[generic] What style of Initiative floats your boat?

#1
The Terminator RPG kickstarter turned up (hurrah!) and I've started reading it. It is a moderately crunchy game (but less crunchy than the human skulls that terminators crush beneath their tracks/feet). :) Meanwhile I've just finished reading The Silver Road, which is very narrativist with a system so light it might blow away on the mystical and otherworldly breeze. :)

So in close succession I've encountered Initiative systems that are:
  1. Roll 1d10 and add your Initiative bonus... then declare from lowest to highest... then act from highest to lowest... with rules on holding action, changing initiative order, how an ambush interacts with initiative, etc.
  2. Go clockwise round the table from whoever the GM thinks makes narrative sense to go first.
I'll let you guess which is which!
Now obviously The Terminator initiative rules wouldn't fit The Silver Road and (probably) vice versa. But that aside, what sort of initiative do you prefer and why?

  • I like popcorn initiative, because you can be a bit tactical with it, but without needing pages of rules on holding your actions or going on overwatch or the like.
  • I dislike declare from lowest to highest, then act from highest to lowest, mainly because it slows everything down and makes combats longer... and is usually found in grindy systems where combat already takes up two thirds of the session. (The Terminator has an optional rule where it says to declare and act from highest to lowest).
  • I hate systems where you can get stuck in "not really in the Initiative order yet" limbo, where you have to pass a Fright Check or Coolness Under Fire test or suchlike before you are allowed to act on your turn in the Initiative order. Because characters are supposed to be awesome! If I want to play someone with the Combat Paralysis disadvantage or more risk averse than Shaggy & Scooby, then I'll be RPing that without any diktat from a bad dice roll.
 
#2
I also like popcorn initiative - I used it last night and the players enjoyed setting things up (creating aspects) that they could then use straight away.

But what I really want from an initiative system is to be quick and simple and get out of the way. Combat can be a drag at the best of times - let's not have a fiddly initiative system slow it down even more.
 

ltd

Rune Priest
#3
  • I hate systems where you can get stuck in "not really in the Initiative order yet" limbo, where you have to pass a Fright Check or Coolness Under Fire test or suchlike before you are allowed to act on your turn in the Initiative order.

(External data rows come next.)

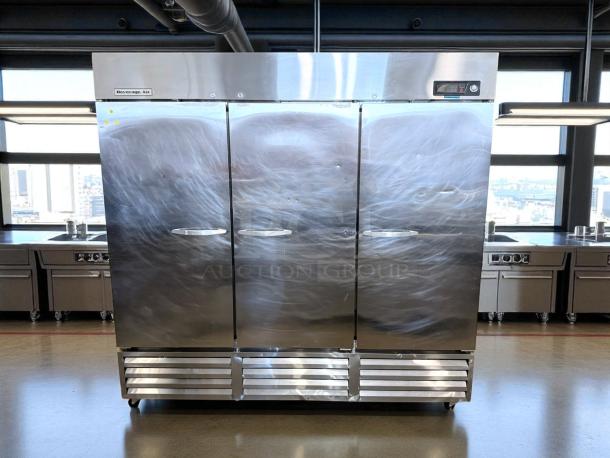 Good Condition! - Beverage Air - KR74-1AS - Solid Door Reach In Refrigerator 115v. 1ph. - Tested & Working - Image 3 of 7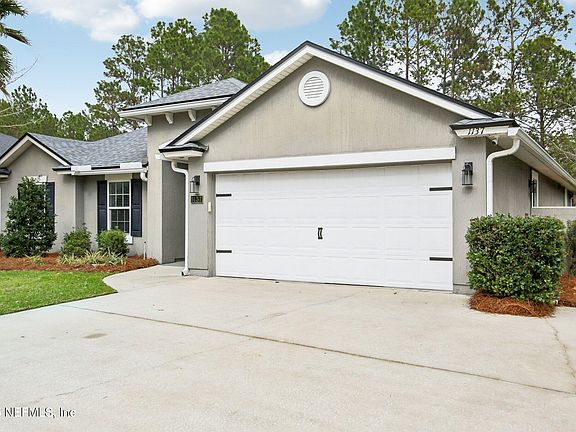 3rd image of 1137 AUTUMN PINES Drive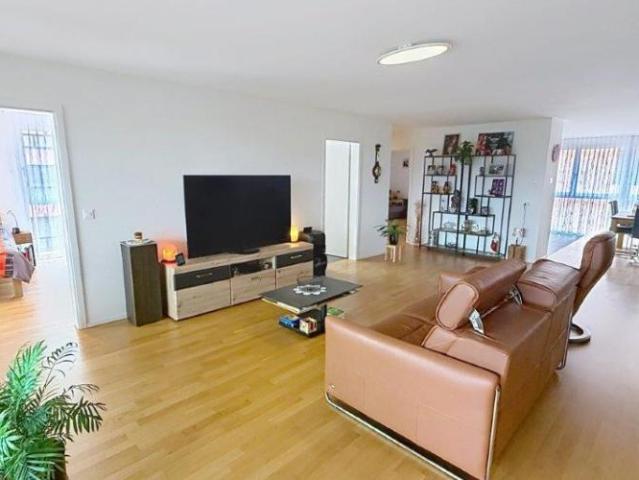 Appartement 3.5 pièces au 4ème étage Wohnung 3.5 Zimmer am 4. Stockwerk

Because characters are supposed to be awesome! If I want to play someone with the Combat Paralysis disadvantage or more risk averse than Shaggy & Scooby, then I'll be RPing that without any diktat from a bad dice roll.
I can understand the dislike for that sort of fiddly rule. That said I'd be tempted to make initiative a function of POW or Willpower or a similar stat - my feeling is it's people with the most bottle who tend to act first in a scrap, not necessarily the most dextrous.
 
#4
Speaking from the perspective of my two favourite RPGS, the FFG Star Wars and the Modiphius 2d20 games like Conan and Star Trek, the flexi-initiative style is my preference. In FFG Star Wars you still roll initiative using the Cool or Vigilance skills but then you can allocate any member of your group to exchange slots with any other team member. The enemies can do same in their initiative slots.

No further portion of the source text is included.